Lecture 4: Activation and Loss Functions

Duration: ~45 minutes Slides: 23 Prerequisites: Lecture 3

Learning Objectives

After completing this lecture, you should be able to:

  1. Explain why activation functions are necessary
  2. Compare sigmoid, tanh, and ReLU activation functions
  3. Choose appropriate activation functions for different layers
  4. Understand the purpose of loss functions
  5. Apply MSE and cross-entropy loss to appropriate problems
  6. Connect loss functions to the optimization process

Key Concepts

1. Why Activation Functions?

Recall from Lecture 3: Without non-linear activation functions, any multi-layer network collapses to a single linear transformation.

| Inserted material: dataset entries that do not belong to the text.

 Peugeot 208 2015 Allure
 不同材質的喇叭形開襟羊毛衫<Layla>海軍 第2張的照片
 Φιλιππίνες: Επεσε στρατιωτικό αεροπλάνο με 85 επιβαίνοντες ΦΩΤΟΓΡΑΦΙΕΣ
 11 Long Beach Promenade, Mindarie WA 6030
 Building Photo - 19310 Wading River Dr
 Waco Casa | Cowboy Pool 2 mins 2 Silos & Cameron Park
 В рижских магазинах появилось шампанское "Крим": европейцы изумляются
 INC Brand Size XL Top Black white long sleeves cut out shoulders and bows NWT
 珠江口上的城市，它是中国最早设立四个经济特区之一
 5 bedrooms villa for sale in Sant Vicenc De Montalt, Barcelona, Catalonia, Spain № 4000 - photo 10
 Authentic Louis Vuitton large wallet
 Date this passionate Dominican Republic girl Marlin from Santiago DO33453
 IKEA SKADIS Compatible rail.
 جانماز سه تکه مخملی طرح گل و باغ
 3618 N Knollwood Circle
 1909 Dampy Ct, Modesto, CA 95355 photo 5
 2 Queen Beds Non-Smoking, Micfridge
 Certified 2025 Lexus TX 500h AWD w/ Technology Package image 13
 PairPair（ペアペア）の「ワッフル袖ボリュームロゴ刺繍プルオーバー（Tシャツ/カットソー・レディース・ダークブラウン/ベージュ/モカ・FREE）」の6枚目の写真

Activation functions provide:

  • Non-linearity (essential for learning complex patterns)
  • Bounded output (for some functions)
  • Differentiability (needed for gradient-based learning)

2. The Sigmoid Function

The sigmoid (logistic) function was historically the most popular activation.

Formula:

sigmoid(z) = 1 / (1 + e^(-z))

Properties:

  • Output range: (0, 1)
  • Smooth, differentiable everywhere
  • Centered at 0.5

Derivative:

sigmoid'(z) = sigmoid(z) * (1 - sigmoid(z))

Advantages:

  • Outputs interpretable as probabilities
  • Smooth gradient

Disadvantages:

  • Vanishing gradient for large z
  • Not zero-centered
  • Computationally expensive (exponentials)
Sigmoid Function Click chart to view Python source code

3. The Tanh Function

Tanh is a scaled and shifted sigmoid.

Formula:

tanh(z) = (e^z - e^(-z)) / (e^z + e^(-z))

Or equivalently:

tanh(z) = 2 * sigmoid(2z) - 1

Properties:

  • Output range: (-1, 1)
  • Zero-centered
  • Smooth, differentiable everywhere

Derivative:

tanh'(z) = 1 - tanh^2(z)

Advantages:

  • Zero-centered (better gradient flow)
  • Stronger gradients than sigmoid

Disadvantages:

  • Still suffers from vanishing gradients
  • Computationally expensive
Tanh Function Click chart to view Python source code

4. The ReLU Function

ReLU (Rectified Linear Unit) is the most popular modern activation.

Formula:

ReLU(z) = max(0, z)

Properties:

  • Output range: [0, infinity)
  • Not bounded above
  • Not differentiable at z = 0 (use subgradient)

Derivative:

ReLU'(z) = { 1 if z > 0
           { 0 if z < 0
           { undefined at z = 0 (typically use 0 or 1)

Advantages:

  • No vanishing gradient for positive values
  • Computationally efficient (no exponentials)
  • Sparse activation (many zeros)

Disadvantages:

  • “Dead ReLU” problem: neurons can get stuck at 0
  • Not zero-centered
  • Unbounded (can cause exploding values)
ReLU Function Click chart to view Python source code

5. Activation Function Comparison

Function Formula Range Pros Cons
Sigmoid 1/(1+e^(-z)) (0,1) Probabilistic interpretation Vanishing gradient
Tanh (e^z-e^(-z))/(e^z+e^(-z)) (-1,1) Zero-centered Vanishing gradient
ReLU max(0,z) [0,inf) Fast, no vanishing gradient Dead neurons
Activation Comparison Click chart to view Python source code

Modern best practice:

  • Hidden layers: ReLU (or variants like Leaky ReLU, ELU)
  • Output layer: Depends on task (see below)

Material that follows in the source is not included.